*PROVIDED DATA*:
+--

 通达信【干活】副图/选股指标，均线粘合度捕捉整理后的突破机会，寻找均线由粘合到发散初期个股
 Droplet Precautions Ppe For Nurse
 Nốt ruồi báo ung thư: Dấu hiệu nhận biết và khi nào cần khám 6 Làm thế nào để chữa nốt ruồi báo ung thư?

+--

Extract the data exactly as given.

 通达信【干活】副图/选股指标，均线粘合度捕捉整理后的突破机会，寻找均线由粘合到发散初期个股
 Droplet Precautions Ppe For Nurse
 Nốt ruồi báo ung thư: Dấu hiệu nhận biết và khi nào cần khám 6 Làm thế nào để chữa nốt ruồi báo ung thư?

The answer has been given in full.